Hi,
We have a microservice architecture and we want to measure how long an event gets processed from MicroserviceA to MicroserviceB, from MicroserviceA to MicroserviceC, from MicroserviceA to MicroserviceXYZ, etc
Each of our microservice logs the event with a timestamp.
This then gets picked up by the filebeat of that microservice's server (each microservice is in its own server, and each has its own filebeat instance), and filebeat publishes to our kafka, which our logstash subscribes to.
We keep track the event processing from MicroserviceA to MicroserviceXYZ via a uuid that we set.
Given a particular uuid, we expect that its timestamp for MicroserviceA is lower than its timestamp for MicroserviceB, which in turn is lower than its timestamp for MicroserviceC, so on and so forth.
The same goes for its kafka offset. Given a particular uuid, MicroserviceA's event should have a lower offset than MicroserviceB's event, which in turn should have a lower offset that MicroserviceC's event, etc.
Based on our ELK though, those two does not seem to be the case. Any ideas?
From the screenshot above, based from the timestamp, looks like the sequence of events are as follows:
- MicroserviceA (December 7th 2018, 04:22:51.614)
- MicroserviceB (December 7th 2018, 04:22:51.690)
- MicroserviceG (December 7th 2018, 04:22:51.765)
- MicroserviceF (December 7th 2018, 04:22:51.770)
- MicroserviceC (December 7th 2018, 04:22:51.777)
- MicroserviceE (December 7th 2018, 04:22:51.809)

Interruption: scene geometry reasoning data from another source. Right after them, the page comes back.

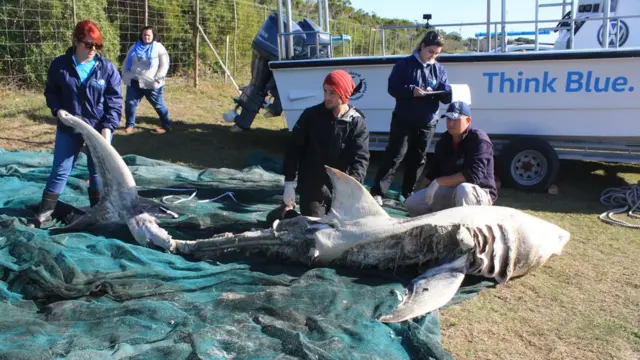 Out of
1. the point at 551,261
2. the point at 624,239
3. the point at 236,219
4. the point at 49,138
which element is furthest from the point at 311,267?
the point at 49,138

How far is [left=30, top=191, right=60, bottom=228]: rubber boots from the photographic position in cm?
549

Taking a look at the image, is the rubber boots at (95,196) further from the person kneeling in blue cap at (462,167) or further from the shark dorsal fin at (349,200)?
the person kneeling in blue cap at (462,167)

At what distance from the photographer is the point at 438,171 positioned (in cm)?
591

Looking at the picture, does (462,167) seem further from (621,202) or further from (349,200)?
(621,202)

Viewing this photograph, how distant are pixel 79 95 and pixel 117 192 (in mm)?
969

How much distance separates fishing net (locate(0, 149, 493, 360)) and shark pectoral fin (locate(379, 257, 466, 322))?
0.26 ft

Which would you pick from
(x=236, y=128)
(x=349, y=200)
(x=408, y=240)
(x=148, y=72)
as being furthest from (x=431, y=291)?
(x=148, y=72)

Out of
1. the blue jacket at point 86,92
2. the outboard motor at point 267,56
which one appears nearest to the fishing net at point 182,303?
the blue jacket at point 86,92

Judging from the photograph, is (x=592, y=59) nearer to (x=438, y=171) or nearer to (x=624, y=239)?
(x=624, y=239)

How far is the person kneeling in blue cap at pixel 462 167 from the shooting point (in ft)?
17.6

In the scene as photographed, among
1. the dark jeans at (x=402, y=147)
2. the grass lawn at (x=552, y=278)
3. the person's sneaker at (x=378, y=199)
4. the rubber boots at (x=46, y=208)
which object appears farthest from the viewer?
the dark jeans at (x=402, y=147)

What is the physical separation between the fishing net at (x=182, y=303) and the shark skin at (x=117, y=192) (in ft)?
0.53

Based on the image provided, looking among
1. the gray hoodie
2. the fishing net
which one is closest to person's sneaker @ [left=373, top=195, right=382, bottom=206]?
the fishing net

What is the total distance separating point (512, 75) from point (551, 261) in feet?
10.7
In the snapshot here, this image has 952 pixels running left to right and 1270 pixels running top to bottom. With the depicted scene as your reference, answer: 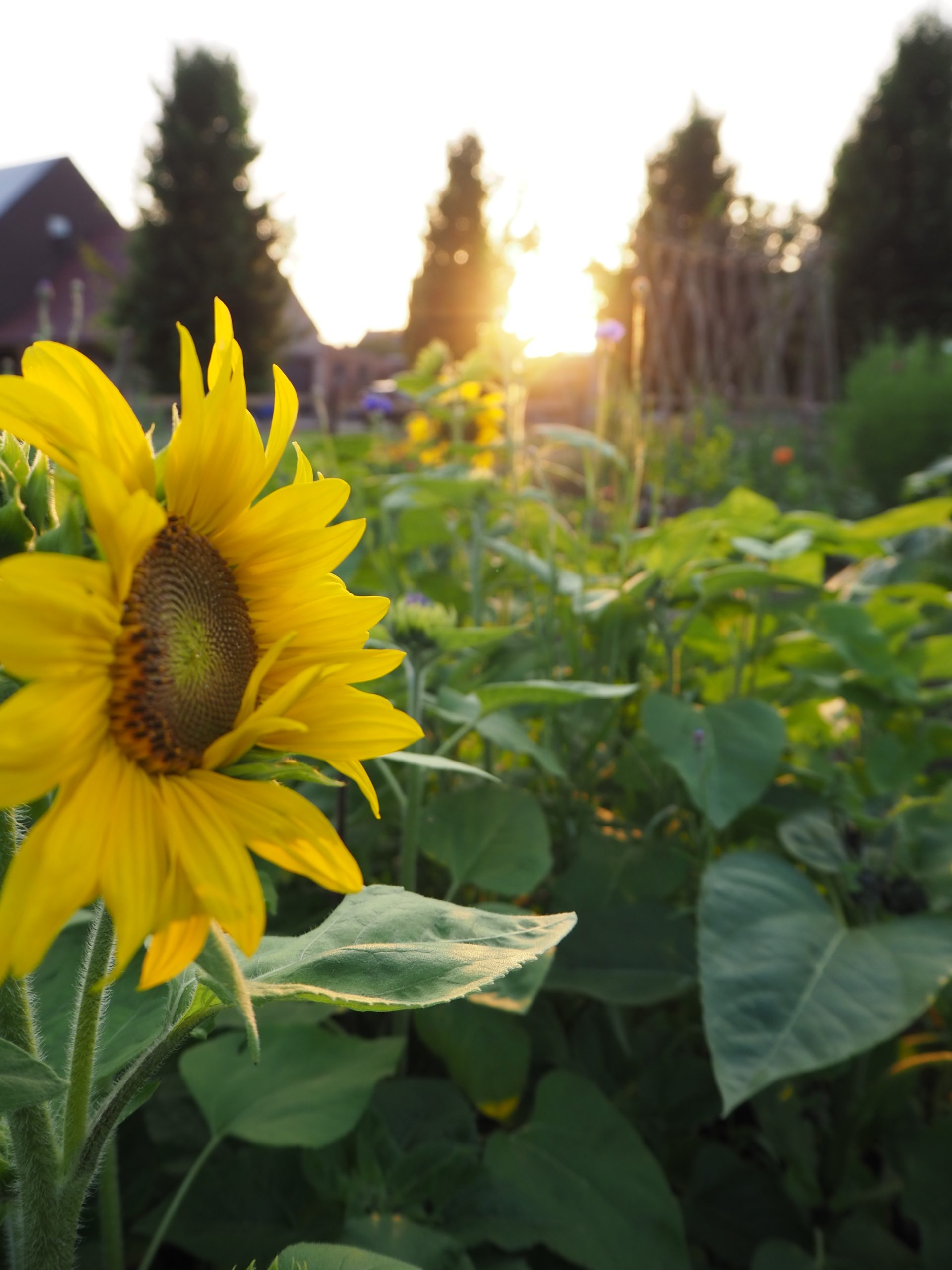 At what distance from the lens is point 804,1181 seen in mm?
1094

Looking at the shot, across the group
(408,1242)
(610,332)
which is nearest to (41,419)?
(408,1242)

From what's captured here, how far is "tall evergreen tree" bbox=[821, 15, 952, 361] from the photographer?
14305mm

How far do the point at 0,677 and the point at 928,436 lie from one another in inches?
307

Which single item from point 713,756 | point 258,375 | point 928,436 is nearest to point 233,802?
point 713,756

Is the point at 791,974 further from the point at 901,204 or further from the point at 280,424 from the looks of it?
the point at 901,204

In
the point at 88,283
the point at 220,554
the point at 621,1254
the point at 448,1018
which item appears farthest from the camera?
the point at 88,283

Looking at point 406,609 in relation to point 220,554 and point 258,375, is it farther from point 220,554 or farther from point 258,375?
point 258,375

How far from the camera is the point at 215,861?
398mm

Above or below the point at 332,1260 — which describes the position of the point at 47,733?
above

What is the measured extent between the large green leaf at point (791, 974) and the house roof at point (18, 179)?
19.5m

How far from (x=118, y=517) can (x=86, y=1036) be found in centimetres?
28

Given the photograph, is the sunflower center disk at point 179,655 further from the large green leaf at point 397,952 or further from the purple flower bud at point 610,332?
the purple flower bud at point 610,332

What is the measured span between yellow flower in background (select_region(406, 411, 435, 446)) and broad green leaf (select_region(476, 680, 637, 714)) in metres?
2.05

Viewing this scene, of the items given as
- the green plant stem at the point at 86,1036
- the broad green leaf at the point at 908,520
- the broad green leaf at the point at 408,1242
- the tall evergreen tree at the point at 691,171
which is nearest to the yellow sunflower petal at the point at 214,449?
the green plant stem at the point at 86,1036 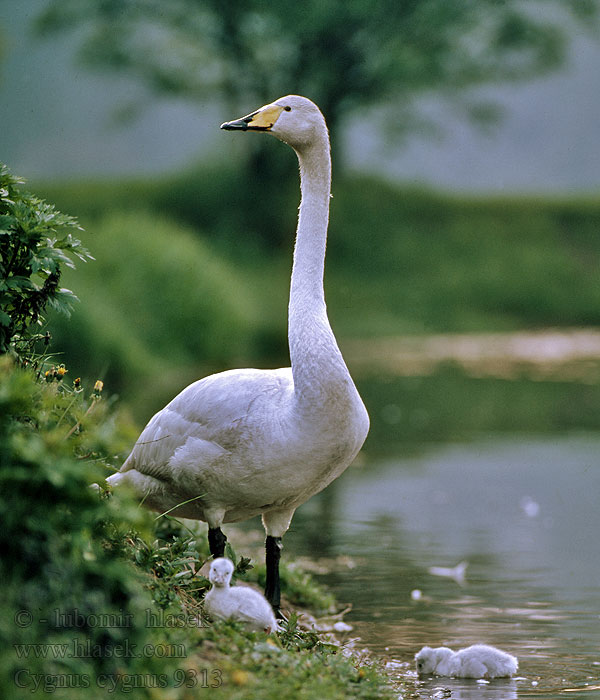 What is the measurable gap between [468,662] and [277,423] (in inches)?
61.4

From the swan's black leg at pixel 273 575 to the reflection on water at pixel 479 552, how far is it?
697 mm

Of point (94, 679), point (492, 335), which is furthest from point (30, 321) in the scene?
point (492, 335)

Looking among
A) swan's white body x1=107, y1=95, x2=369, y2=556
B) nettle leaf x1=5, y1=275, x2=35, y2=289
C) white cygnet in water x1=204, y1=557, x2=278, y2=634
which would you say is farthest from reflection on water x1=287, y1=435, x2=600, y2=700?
nettle leaf x1=5, y1=275, x2=35, y2=289

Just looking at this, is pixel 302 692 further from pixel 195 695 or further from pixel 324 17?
pixel 324 17

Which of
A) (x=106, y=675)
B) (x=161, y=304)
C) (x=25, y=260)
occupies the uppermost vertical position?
(x=161, y=304)

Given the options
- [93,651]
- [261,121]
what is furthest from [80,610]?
[261,121]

Also, based on the kafka offset, the sequence are as follows
- MicroserviceF (1301123)
- MicroserviceG (1301124)
- MicroserviceC (1301129)
- MicroserviceE (1301138)
- MicroserviceB (1301156)
- MicroserviceA (1301157)
Because the sequence of events are out of order, we are getting elapsed_end_without_start in our logstash elapsed plugin.
Any ideas on how to fix the sequencing for this?